It is absolutely vital to rule out intrauterine or tubal pregnancy in this age group by performing a urine for gravindex examination as well as careful pelvic ultrasonography. Previous tubal ligation does not rule out possible tubal pregnancy.
History of spotting and missed periods will have to be actively investigated. Ultrasonogram will indicate other problems like tubo-ovarian pathology, mass, fluid collection etc. Some ultrasonographers are capable of demonstrating abnormal appendix filled with purulent material.
Ureteric stones could also present like acute appendicitis and it is advisable to look into the urinalysis and also perform appropriate investigations for the same.
Elderly people who are not able to communicate their problems well and paralyzed patients may not show all the signs of acute appendicitis the way others do. But every attempt has to be made to carefully assess these situations. More often, these are picked up after the appendix has perforated and at times with para-appendiceal inflammatory mass changes. When such patients are sick, and has vomiting, particularly with an elevated white count, appendicitis should be a consideration.
In infants the only history that may be available is that the child is sick, refusing feeds and is vomiting.
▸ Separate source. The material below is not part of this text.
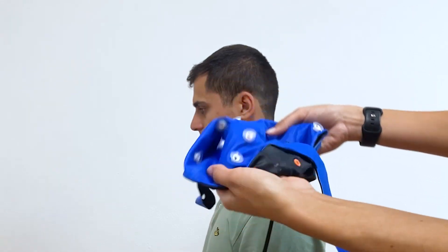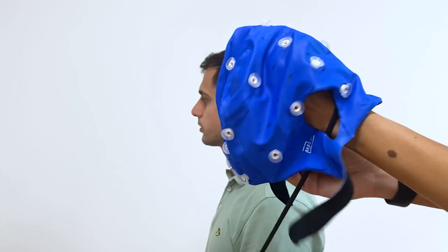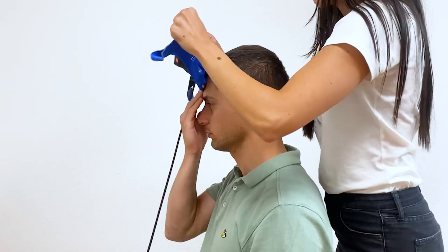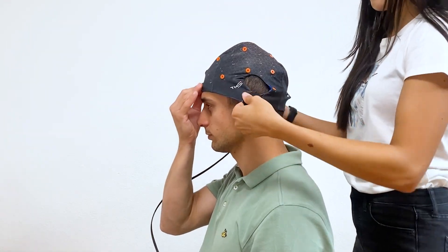After selecting the correct sized head cap, place the head cap on your participant by inverting the head cap and asking the participant to hold down the three frontal electrodes. Then slide the head cap over the rest of the head and secure the chin strap.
Almost always the diagnosis is made only after the appendix is perforated and there is evidence of peritonitis with abdominal distension. More often these children are operated for peritonitis and the presence of perforated appendicitis is noted. But it is important for the family practitioner to be aware of this diagnosis every time he examines a sick child with abdominal symptoms and signs. One of the useful signs that may indicate symptoms of presence of peritonitis is to gently palpate the lower abdomen and in particular right side and one will find the child briskly flexing the knees and bending the hips towards the abdomen. This self-protective reaction indicates the presence of peritonitis and when it happens on palpation of the right lower quadrant of the abdomen, possibility of acute appendicitis has to be seriously considered. The presence of acetone in the urine and no sugar, would indicate the level of dehydration requiring rapid fluid administration. Children in particular, when they vomit and refuse feeds acetone in the urine is not uncommon.
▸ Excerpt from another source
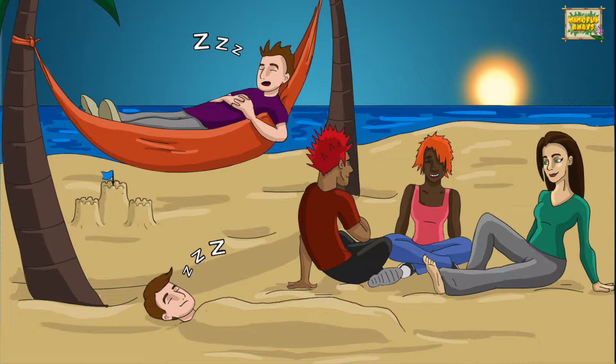Imagine you are lying on a beautiful sandy beach and you feel the sun warm on your body. Make a picture in your mind of the golden sand and the warm sun. As the sun warms your body you feel more and more relaxed.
In dealing with pregnant women diagnosis of acute appendicitis is extremely difficult. In early pregnancy if acute appendicitis is not rapidly diagnosed and taken care of, complications may even lead to abortions. On the other hand, ignoring the pregnancy and going ahead with appendicectomy under general anesthesia has to be done only after careful consideration. The family practitioner will be better off inviting the opinion of an obstetrician as well as a general surgeon. In early pregnancy the elevation of white count may not be a useful sign and cannot be depended upon totally unless the number is significant.
During advanced pregnancy performing appendicectomy is somewhat of a challenge to the surgeon and here again the idea of general anesthesia will require to be carefully planned out keeping the interest of the fetus in mind. Although rare, when appendicitis complicates pregnancy, it is a serious situation and requires to be dealt with by multiple disciplines.
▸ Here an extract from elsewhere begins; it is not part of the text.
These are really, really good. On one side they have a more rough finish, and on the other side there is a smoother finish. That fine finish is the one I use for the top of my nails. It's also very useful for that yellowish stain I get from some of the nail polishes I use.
How do we avoid unnecessary surgery for appendicitis? Adolescent patients, particularly men, when they come with symptoms of
acute appendicitis, the possibility of acute appendicitis is very high. In these cases, when there are convincing signs and symptoms along with elevated white count as also in a nonpregnant female adolescent early operative procedure and appendicectomy is likely to give a very high rate of positive appendicitis. But the same is not true in other groups. Unlike the olden days due to the current levels of management, including judicious utilization of antibiotics, the disastrous complications of delayed diagnosis of appendicitis have come down significantly. So in most hospitals a strict diagnostic regimen is being followed by many practicing surgeons. If the signs and symptoms are clear cut with evidence of reproducible direct tenderness in the right iliac fossa with point-tenderness over McBurney’s area and an elevated white count, with no other complicated history, no major work-ups are necessary. Ultrasonographic examination of the pelvic area, to rule out other pathologies, particularly in women and a plain x-ray of the abdomen to look at the presence of faecalith or segmental right lower quadrant intestinal ileus, will be of help in making a diagnosis. When such convincing findings are not there and the ultrasonography and plain x-rays are noncontributory, patients are generally admitted and are kept on I.V. fluids. No oral intake is allowed and antibiotics are not started. In a few hours, the surgeon reexamines the patient and if any of the symptoms and signs show significant worsening or a repeated white cell count shows appreciable elevation patient is taken to surgery. This judicious wait, watch, reevaluate and proceed approach does not add to the morbidity and mortality of acute appendicitis in the hands of such experienced people. Most often, on the second examination with hydration and support, the patient is already feeling better and many of the symptoms are not present and signs not reproducible. It allows the clinician to wait for some more time like another six hours and reexamine the patient before a final decision is taken. In order to prove that it is not acute appendicitis some aggressive radiologists and surgeons proceed with barium enema examination and repeated ultrasonographic examination.
||*These extensive work ups should be limited to special circum-stances only and barium enema examination is certainly not a consideration while dealing with pregnant woman.|
*This improved new approach to acute appendicitis has saved a lot of patients from unnecessary surgery and needless waste of time and money not to mention the complications following surgery.